The most important ingredient in investing is, surprisingly, not money.
Money is certainly important, but when you look at how compounding interest works when you're investing, you'll quickly learn that time is everything.
Not timing, like when you try and decide the best time to buy or sell, but time, as in the amount of time we have. Time in the market is crucial when you’re invested, but this is also a lesson that applies to many things in life, sometimes painfully.
The preciousness of time is lingering in my head today, ever since my boyfriend woke me up with the announcement “The treasure was found.”

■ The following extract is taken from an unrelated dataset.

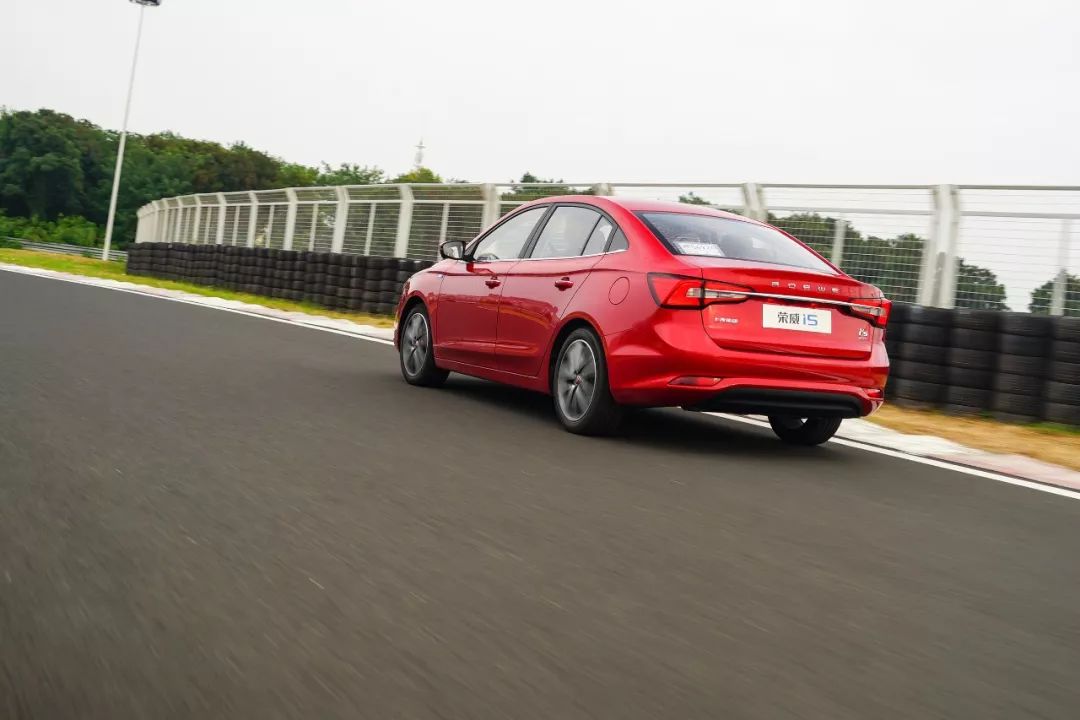 荣威新能源加速,荣威混动极速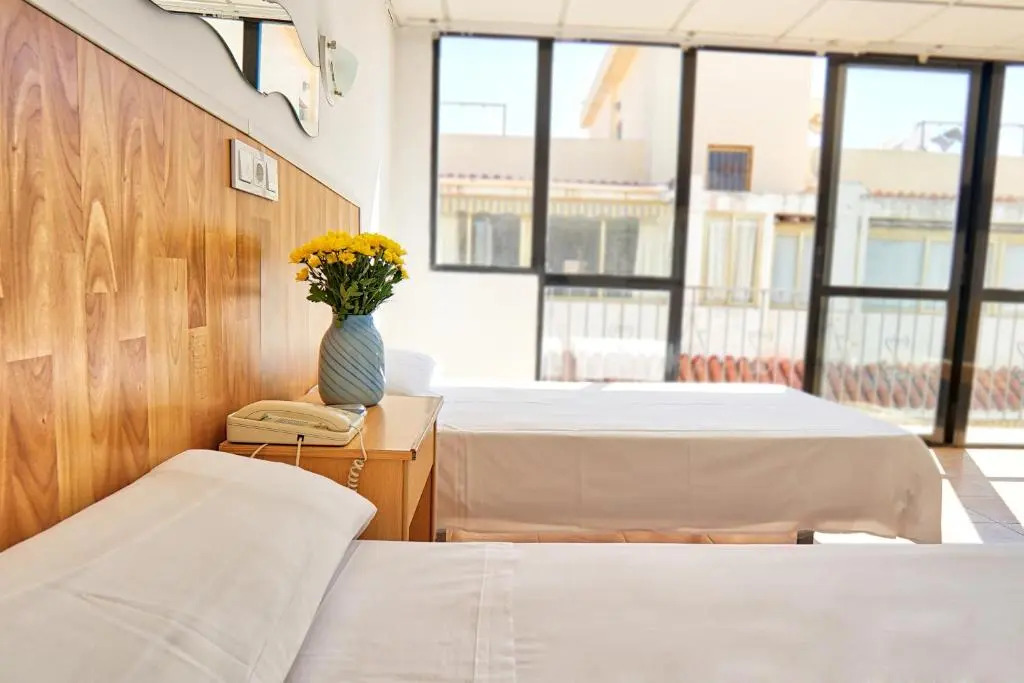 Hotel Santa Faz TRG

You see, we had been gearing up for a treasure hunt. One that was hidden in the Rockies and had an estimated value of $2 million worth of gold, jewels, and ancient artifacts. The treasure was hidden a decade ago by a man named Forrest Fenn, and he had released a book containing a poem, with clues to lead you to the treasure. My boyfriend had the books for a few years but really got into the hunt over the past few months. We spent hours working on clues, on Google Earth, and reading Fenn’s books, looking for more potential clues. When we were quarantined long-distance amidst the COVID-19 pandemic, Alabama to Michigan, it was a nice activity that we could do together while we were apart. We would video chat about clues, the secret meanings that could be interpreted, what other treasure hunters were thinking, why we disagreed with them, or thought they were on the right track. Three weeks ago he quit his job, and moved back home to Washington, with me a few days behind. We had 3 solid places in Yellowstone that we wanted to go search, and were planning a trip for next week.

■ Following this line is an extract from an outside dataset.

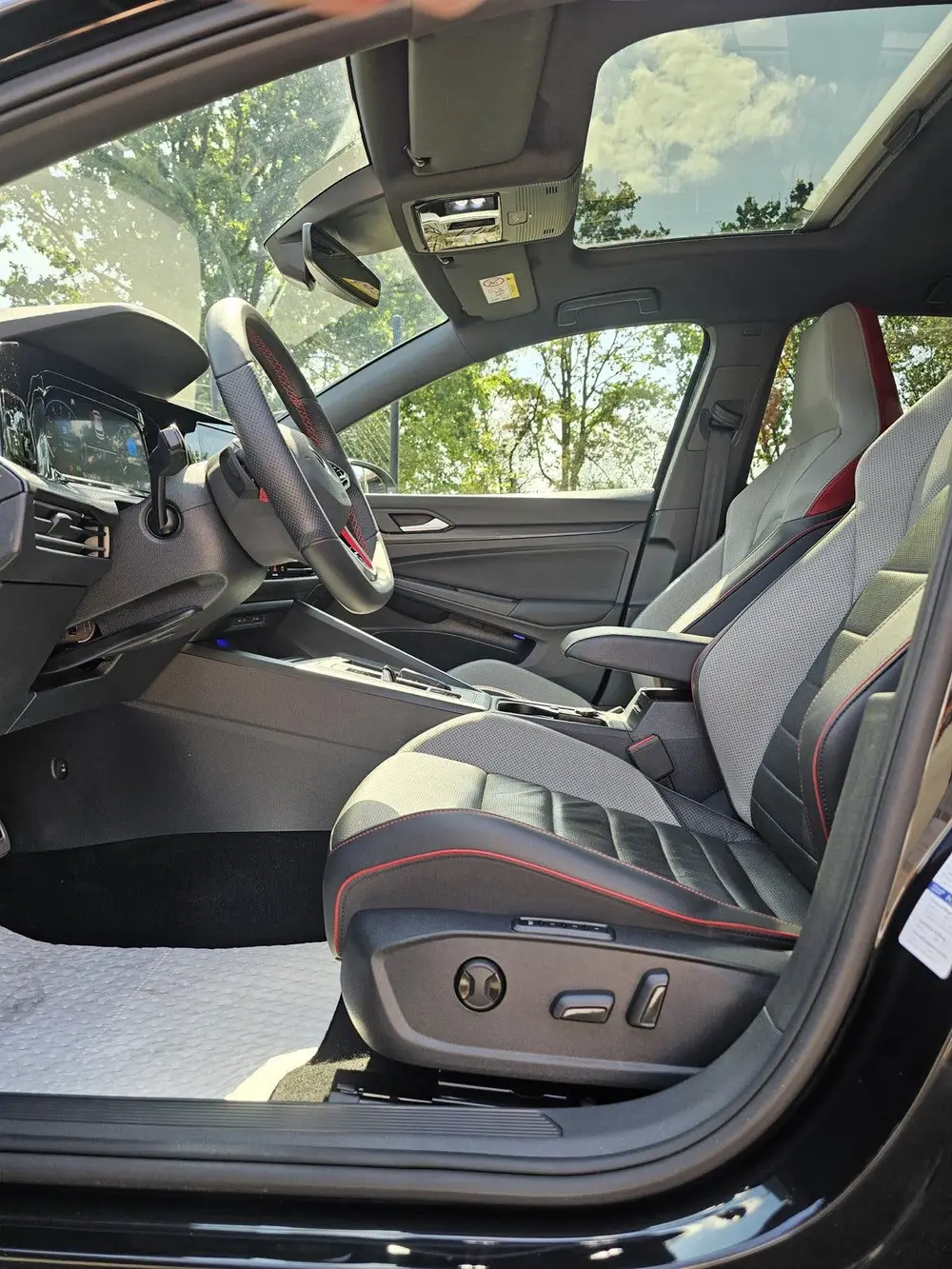 Volkswagen Golf 2.0 TSI OPF 221KW Dsg7 2021 Zwart uit 2021, foto 6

I was pretty deep into it, and I thought our solves were solid. I thought that once we got out there, we had a great shot. And maybe we would have- if we would have gone out there earlier. Because just like that, we ran out of time. Someone beat us to it.
It’s easy to forget about time. It’s easy to blame feelings on things other than time. And once you realize that time was the problem- it’s easy to beat yourself up for it. The treasure had been hidden for ten years, with an estimated 350,000 people searching for it.
When you’re confident on your solve, have been getting all zen with yoga and meditation, (becoming the frequency of the treasure, as you do), and have a trip coming up literally next week, it’s easy to think “It’s remained hidden for this long because we are the ones meant to find it.”
Until the morning you wake up and see those sad blue eyes, and read the announcement on his phone, from Forrest Fenn himself, “The treasure has been found.”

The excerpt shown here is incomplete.